# Lazy-loading Pytorch Models

A simple example using PyTorch to demonstrate how to store a model's architecture separately and load weights from storage as needed.  This example will use a basic neural network, but the concept can be extended to larger language models.

## Imports

In [None]:
%pip install torch==2.3.1 torchvision==0.18.1 torchaudio==2.3.1 --index-url https://download.pytorch.org/whl/cpu

In [None]:
import torch
import torch.nn as nn
import os


## Create a simple model

In [None]:
class SimpleModel(nn.Module):
    def __init__(self):
        super(SimpleModel, self).__init__()
        self.fc1 = nn.Linear(10, 5)
        self.fc2 = nn.Linear(5, 2)

    def forward(self, x):
        x = torch.relu(self.fc1(x))
        x = self.fc2(x)
        return x

This example demonstrates the basic concept of separating model architecture from weights. 

In [None]:
def save_model_weights(model, path):
    os.makedirs(os.path.dirname(path), exist_ok=True)
    torch.save(model.state_dict(), path)

def load_model_weights(model, path):
    model.load_state_dict(torch.load(path))
    return model

In [None]:
# Create and save the model
model = SimpleModel()
save_model_weights(model, "weights/model_weights.pth")

## Loading weights

The get_model() function demonstrates the lazy loading concept:

* It first creates the model architecture (which is fast and lightweight).
* It then loads the weights from storage only when needed.

In [None]:
# Later, when you need to use the model:
def get_model():
    # Create the model architecture (this is fast and lightweight)
    model = SimpleModel()
    
    # Load weights only when needed (this is the potentially slow part)
    return load_model_weights(model, "weights/model_weights.pth")

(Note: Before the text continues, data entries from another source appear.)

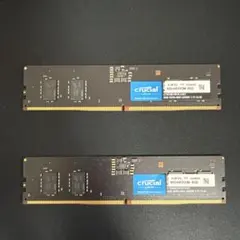 2026年最新】crucial ddr5-4800 16gbの人気アイテム - メルカリ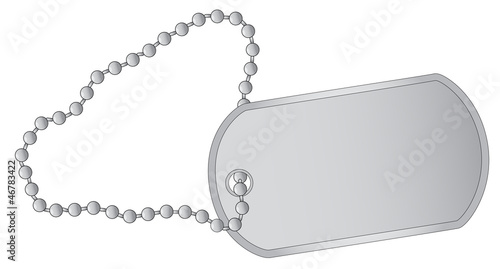 Vector: Dog Tag Dog Tag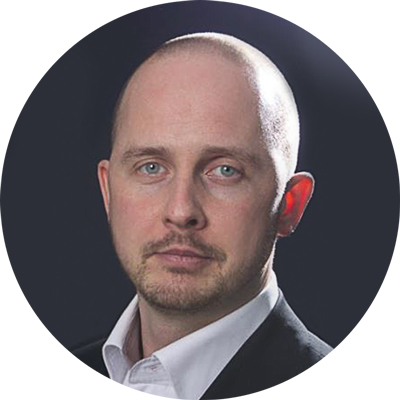 Employee Spotlight - Cedric Servais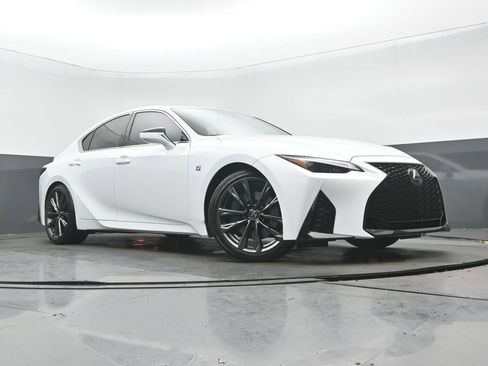 Used 2023 Lexus IS 350 F Sport w/ Memory Package image 28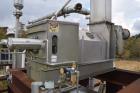 Used Vincent Corporation CP Horizontal Screw Press, Model CP-6, Stainless Steel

In a real-world scenario with large language models, you might extend this approach by:

* Using more efficient storage formats (e.g., memory-mapped files).
* Implementing partial loading of weights for specific layers or components.
* Utilizing asynchronous loading to minimize wait times.
* Employing caching strategies to keep frequently used weights in memory.

In [None]:
# Use the model
loaded_model = get_model()
input_data = torch.randn(1, 10)
output = loaded_model(input_data)
print(output)